Abschließend kann ich nur sagen: Wenn jemand kein flaues Gefühl im Magen hat, wenn er ein Tier tötet – und sei es nur ein kleiner, verangelter Barsch – der sollte sich ein anderes Hobby suchen. Jemand, der nur Bedenken/Schlechtes Gewissen/o. ä. verspürt, ist im genau richtigen Hobby – er braucht dann nur noch einen Weg, wie er seine Beute waidgerecht handhaben kann. Ich kenne Angler die murmeln ein „Entschuldigung“ bevor der Fischtöter auf den Kopf kracht, einen älteren Mann habe ich beobachtet, der hat dem Fisch – ähnlich wie ein Jäger – ein Büschl Gras ins Maul gesteckt.

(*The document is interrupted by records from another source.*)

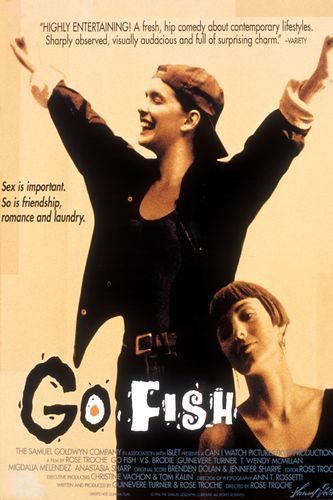 the movie poster: Go Fish (1994) ver2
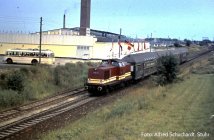 V 100 040 zwischen Marienehe und Bramow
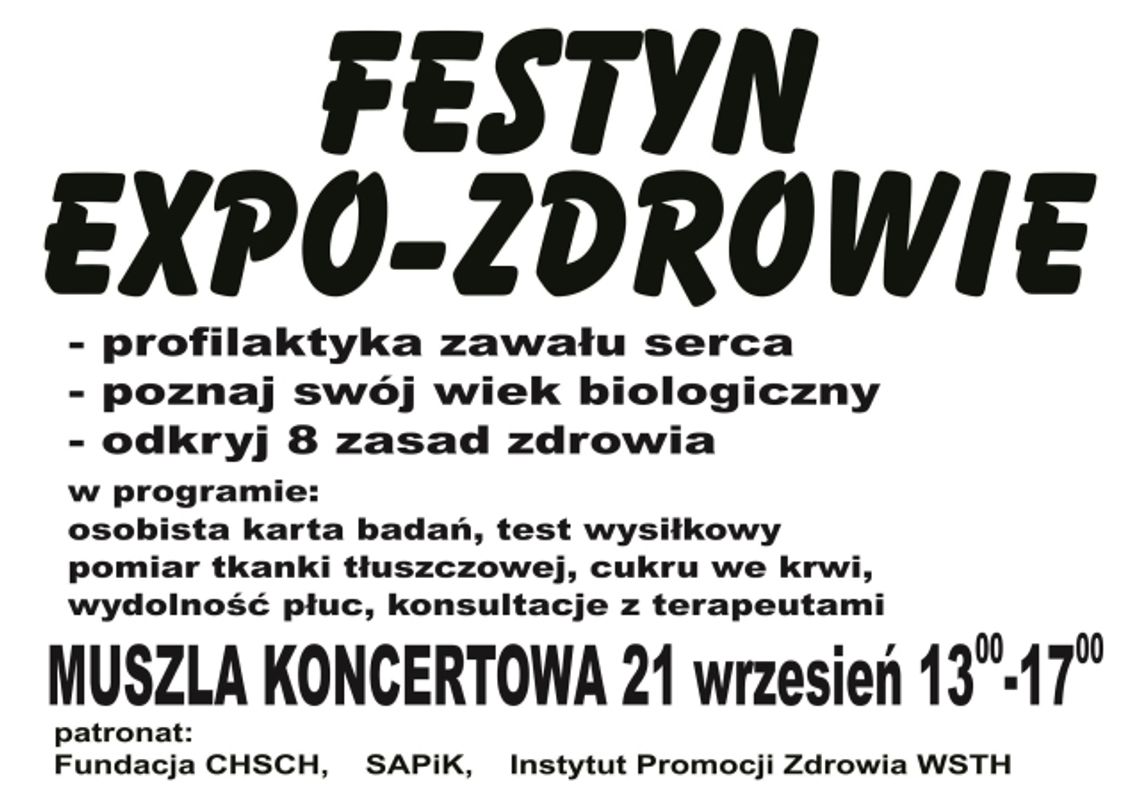 Festyn Expo - Zdrowie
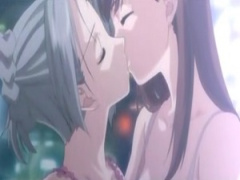 エロアニメ オンナ同士の接吻Kiss 純愛だから問題ありません 舌入れで本気...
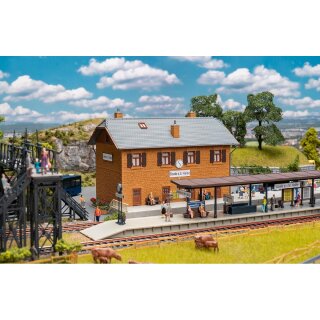 Faller 190095 Aktions-Set Bahnhof Eisele an der Halde Spur H0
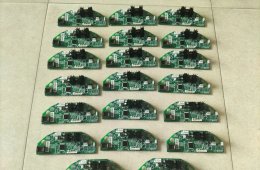 20pcs XCMG truck crane CAN conversion board to Canada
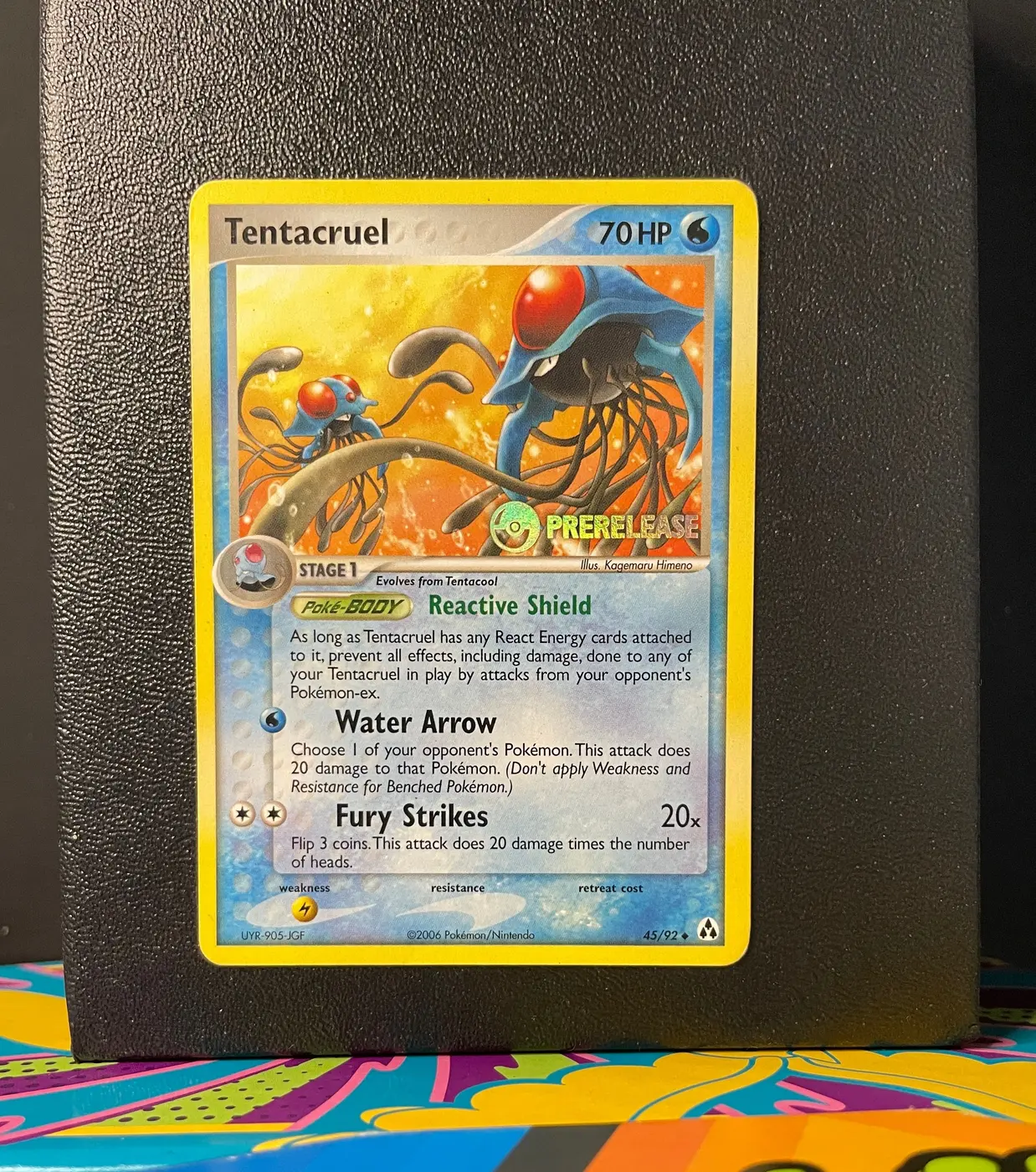 Tentacruel 45/92 - Frente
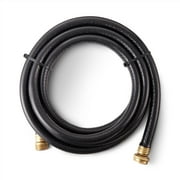 Suncast HSE10 5/8 Inch Diameter 10 Foot Faucet Attachment Extension Hose, Black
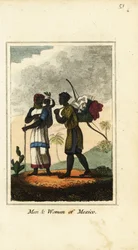 Man and Woman of Mexico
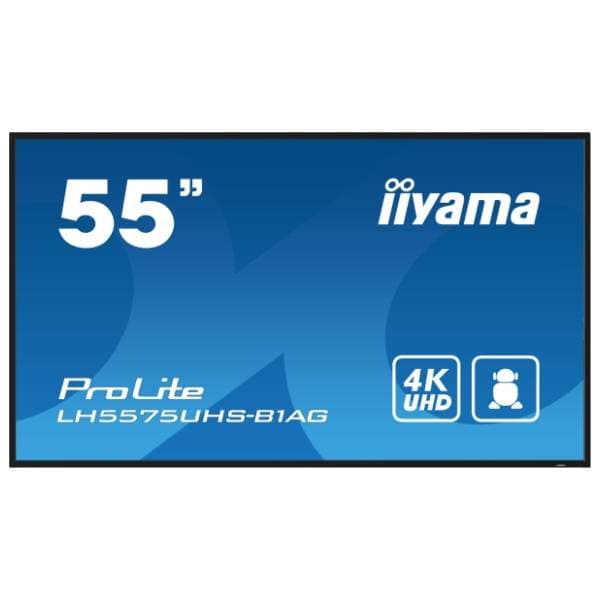 IIYAMA displej 55'' IPS 4K ProLite Digital Signage LH5575UHS-B1AG 0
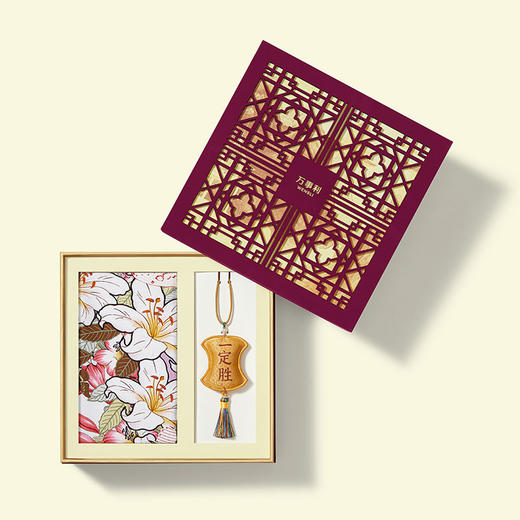 万事利《 盛世芳华 》 端午礼盒 尊享版 商品图1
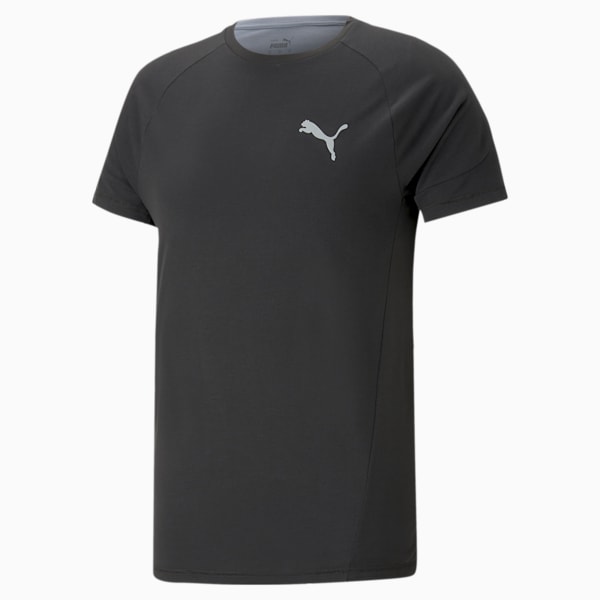 EVOSTRIPE Tee Men, PUMA Black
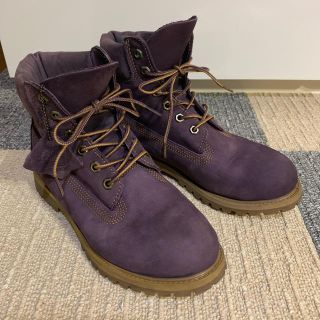 ティンバーランド(Timberland)のTimberland レディースパープル(ブーツ)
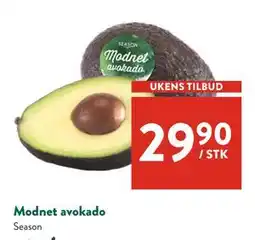 Jacobs Modnet avokado tilbud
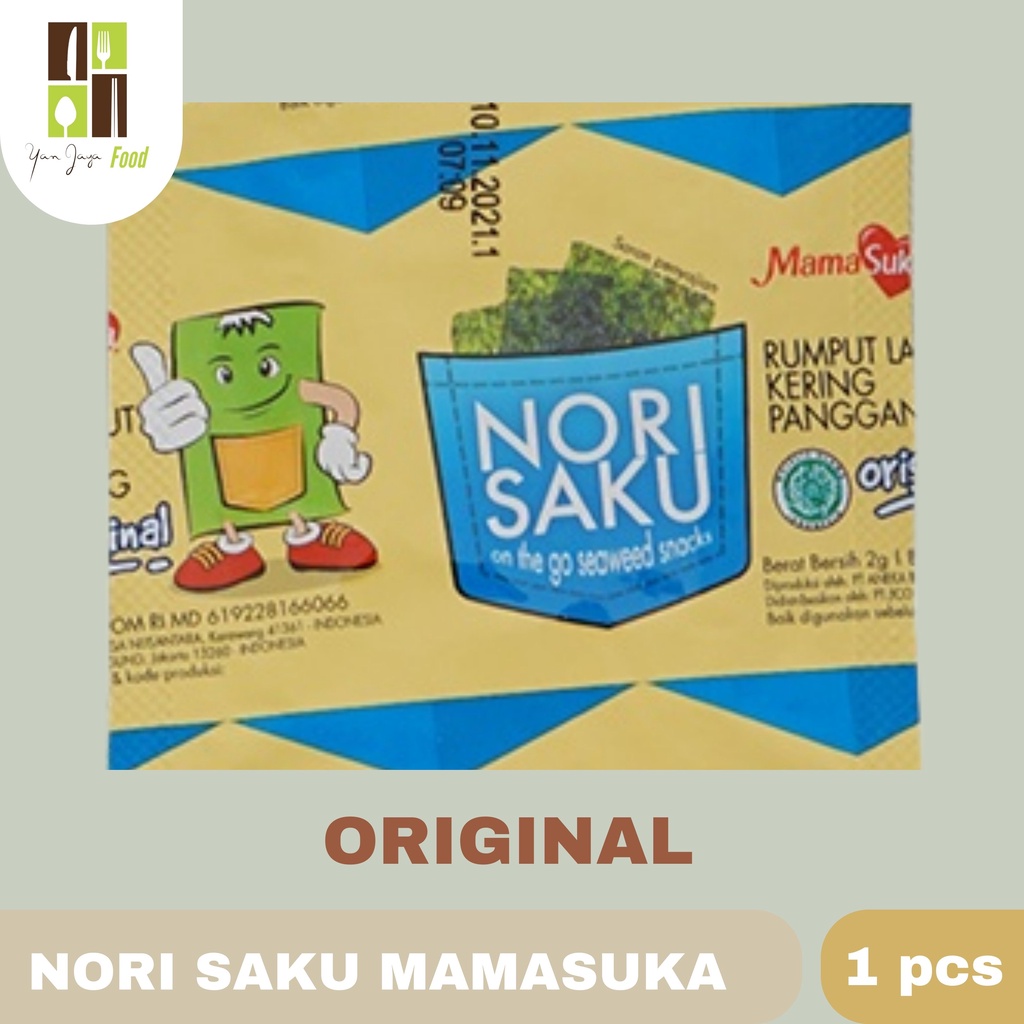 Nori Saku Mamasuka Original / Pedas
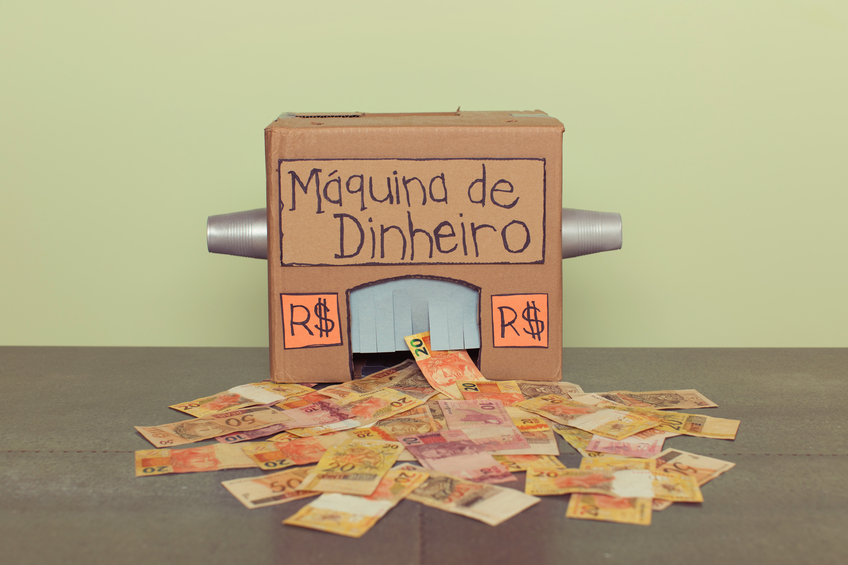 Homemade Brazilian Money Making Machine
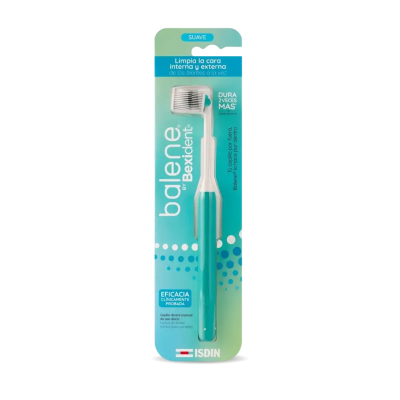 7538363 Balene by Bexident Escova Dentes Suave Verde para Gengivas Sensíveis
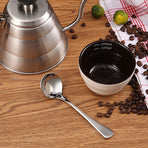 Stainless Steel Long Handle Coffee Tea Rice Spoon Dinner Tableware Teaspoon Cutlery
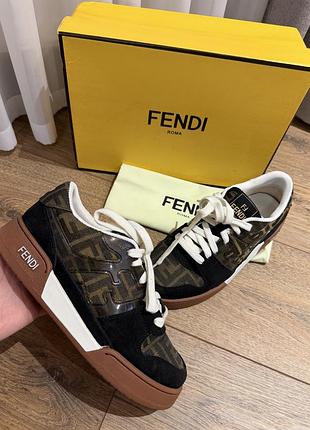 Кросівки fendi roma 4
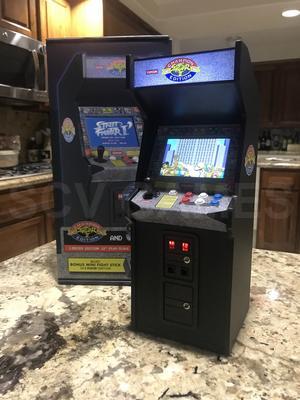 2019 Street Fighter II: Champion Edition 1/6th Scale Machine by RepliCade Image
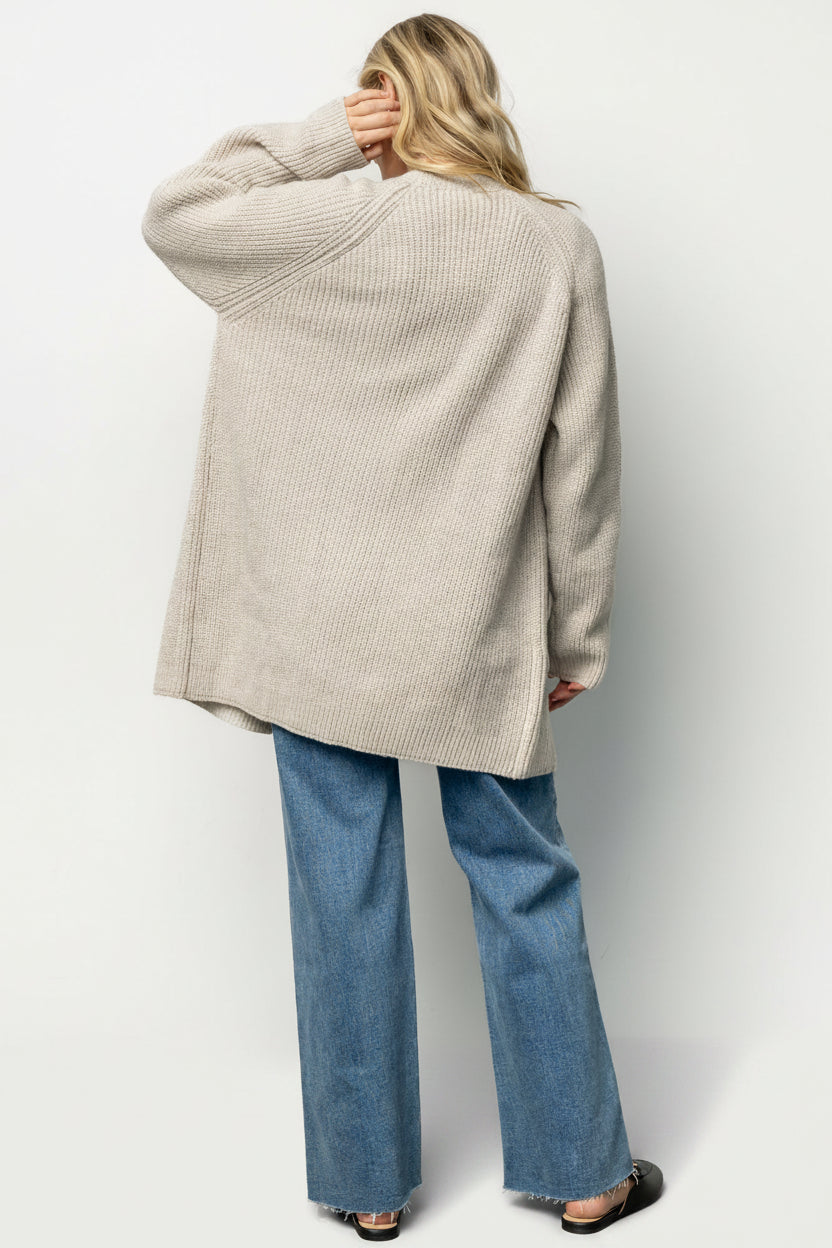 Frankel Pocket Cardigan | Baltic Born Natural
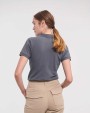 Polos personnalisable RUSSELL Polo Stretch Femme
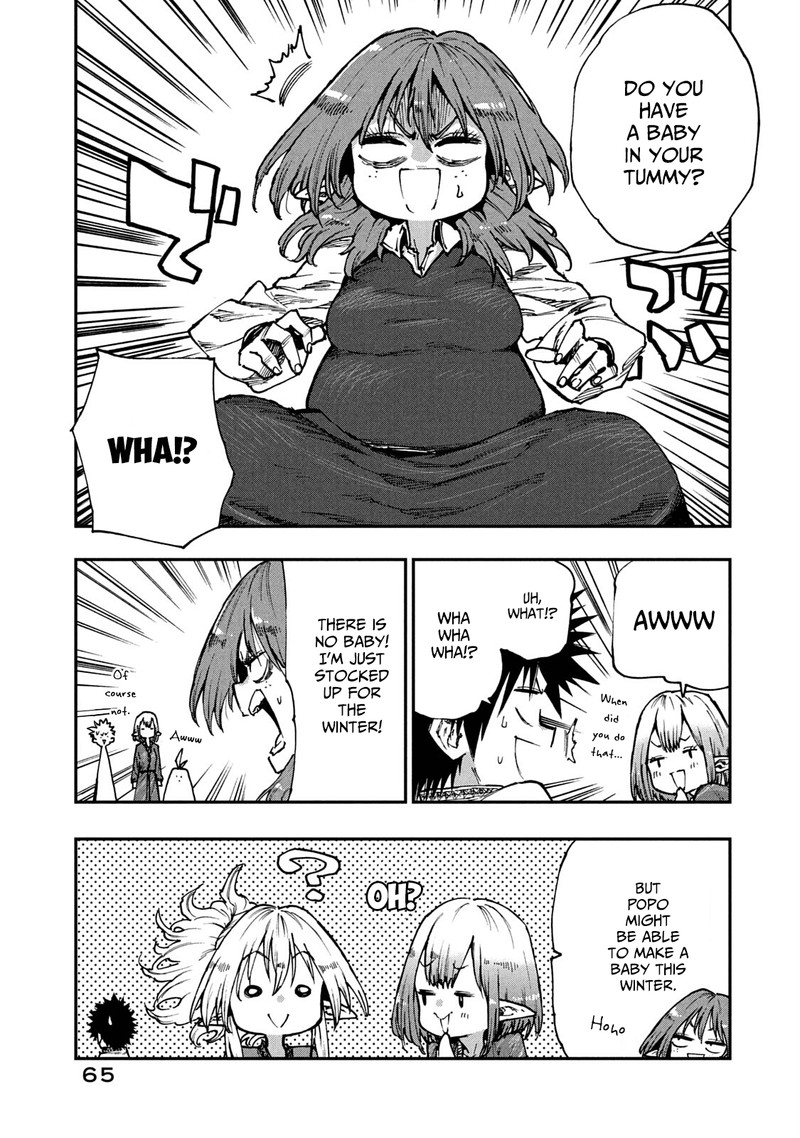 Mazumeshi Elf To Yuuboku Gurashi Chapter 56 Page 3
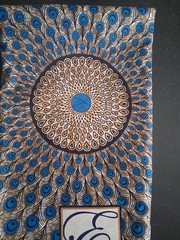 High Quality cotton African Ankara Fabric 5 1/3 YARDS By Excellence D&D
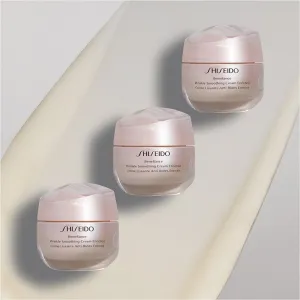 Shiseido Benefiance Wrinkle Smoothing Cream Enriched denný a nočný krém proti vráskam pre suchú pleť 50 ml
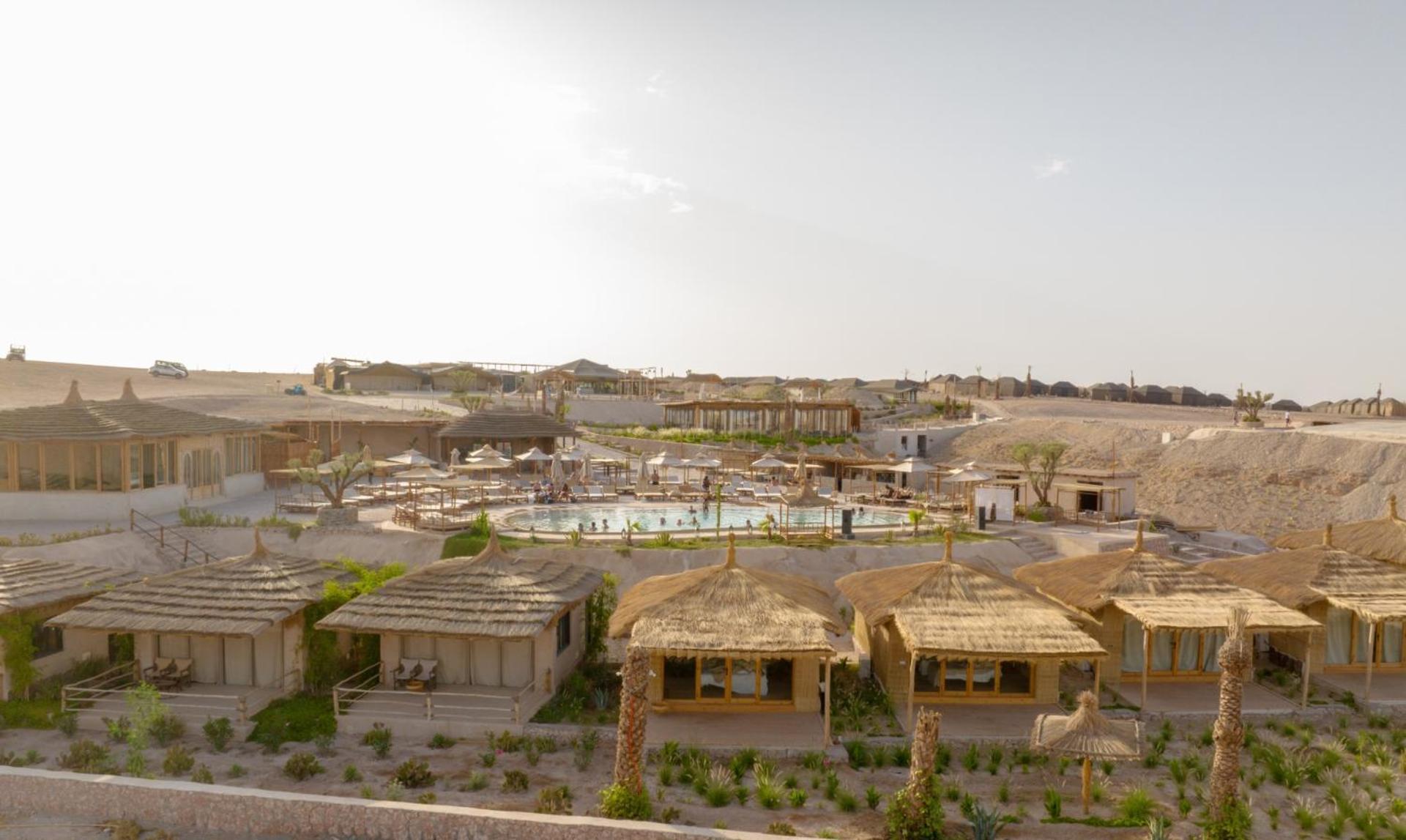 Le Bedouin Agafay Villa Marrákes Kültér fotó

Wege gibt es viele und mit deinen Skrupeln bist du nicht allein.

Viel Spaß bei deinem Hobby!


----------



## stefansdl (9. Oktober 2012)

*AW: Ich kann keinen Fisch schlachten*



Katteker schrieb:


> KANNST du keinen Fisch schlachten: Lerne es.
> 
> WILLST du keinen Fisch schlachten, dann hör auf zu angeln. Auch wenn ALLES wieder freigelassen wird, ein Teil des Fanges geht später ein, ist ganz normal. Ob du einem verletzten Fisch an Land dann eins über die Rübe haust oder das Vieh im Wasser verreckt kommt am Ende aufs gleiche raus. Tot=tot. Schlussfolgerung: Du willst keinen Fisch töten: Hör auf zu angeln.




selten so einen Schwachsinn gelesen...#q


----------



## Donnergugi (9. Oktober 2012)

*AW: Ich kann keinen Fisch schlachten*



Wurschtsepp schrieb:


> Nehmen wir an du gehst zum Spinnfischen auf Hecht. 1ter Wurf Hecht mit 80 cm. Ok du schlägst ihn ab Gibt ein gutes Essen für die ganze Familie. 2ter Wurf nichts. 3ter Wurf Kapitale Hechtdame mit 1,20m du schlägst sie ab weil du es für richtig hältst. Lecker Lecker Uraltfisch. Gehst du dann nach 20 Minuten angeln nachhause?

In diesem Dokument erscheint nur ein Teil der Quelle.